There is evidence tending to support the conclusions reached by the jury in their verdict, and, in deference to the verdict, their findings of fact are sustained.

F. H. Prendergast, of Marshall, for appellant. Cary M. Abney and M. M. O'Banion, both of Marshall, for appellees.


A paragraph of the court's charge reads as follows:

"Now, if you find from the evidence that the defendant's locomotive approached the crossing where the accident occurred at a high rate of speed, and that the employés of the defendant in charge of said locomotive approached the crossing without ringing the bell or sounding the whistle, or that the said employés of the defendant did not exercise ordinary care to discover the wagon in which the deceased was traveling, and you further find that such acts or omissions on the part of the defendant's employés, if any, constitute negligence on the part of the defendant's servants and employés, and you further find that such negligence, if any, was the proximate cause of the death of Cicero Miles, then you will find for plaintiff, unless you find that the said Cicero Miles himself was guilty of negligence which caused or contributed to cause his death."

The court did not err, it is thought, in authorizing the jury in this case to determine, as the charge did, whether or not the persons operating the engine were guilty of negligence proximately causing the death of Miles on account of the speed at which the engine was going when it struck the wagon, together with the failure to blow the whistle or ring the bell on approaching the crossing. Therefore assignments of error Nos. 1 and 6 are overruled.

"Negligence without which he would not have been injured," as used in the fourteenth section of the court's charge, means negligence proximately causing the injury. And the effect of the instruction is that the negligence of the deceased must proximately contribute to bring about the injury, as distinguished from a remote cause. The second assignment of error is overruled.

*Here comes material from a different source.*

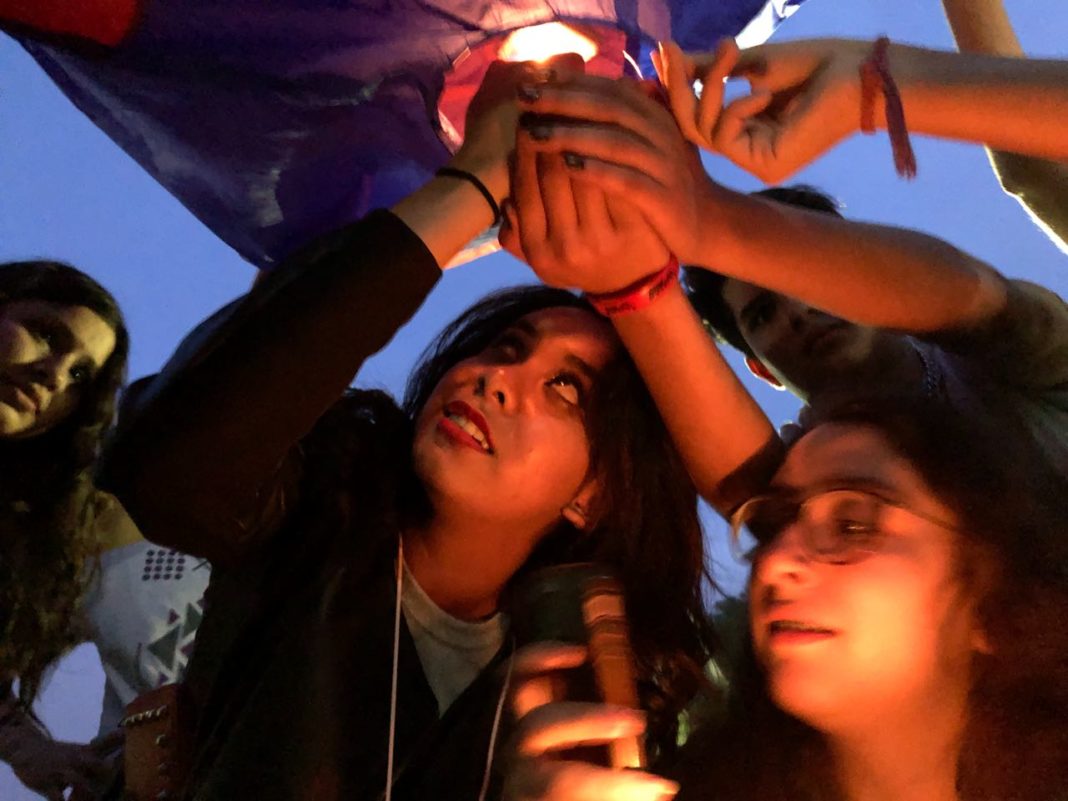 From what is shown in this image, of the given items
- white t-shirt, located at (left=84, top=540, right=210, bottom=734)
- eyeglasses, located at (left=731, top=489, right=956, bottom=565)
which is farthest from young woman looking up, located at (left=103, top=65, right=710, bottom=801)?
white t-shirt, located at (left=84, top=540, right=210, bottom=734)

It is thought that in the circumstances of the case the court may not say as a matter of law that Cicero Miles was guilty of contributory negligence, or that the issue of discovered peril was not in the case. Railway Co. v. Tinon, 117 S.W. 936. And the several assignments raising these questions are overruled.

It is concluded that the verdict is not excessive, and that the eighteenth assignment of error should be overruled.

The remaining assignments of error do not present, it is thought, any reversible error, and they are overruled.

Judgment affirmed.


Summaries of

Texas P. Ry. Co. v. Miles

Court of Civil Appeals of Texas, Texarkana
Mar 15, 1917
192 S.W. 1138 (Tex. Civ. App. 1917)
Case details for

Texas P. Ry. Co. v. Miles

Case Details

Full title:TEXAS P. RY. CO. v. MILES et al

Court:Court of Civil Appeals of Texas, Texarkana

Date published: Mar 15, 1917

Citations

192 S.W. 1138 (Tex. Civ. App. 1917)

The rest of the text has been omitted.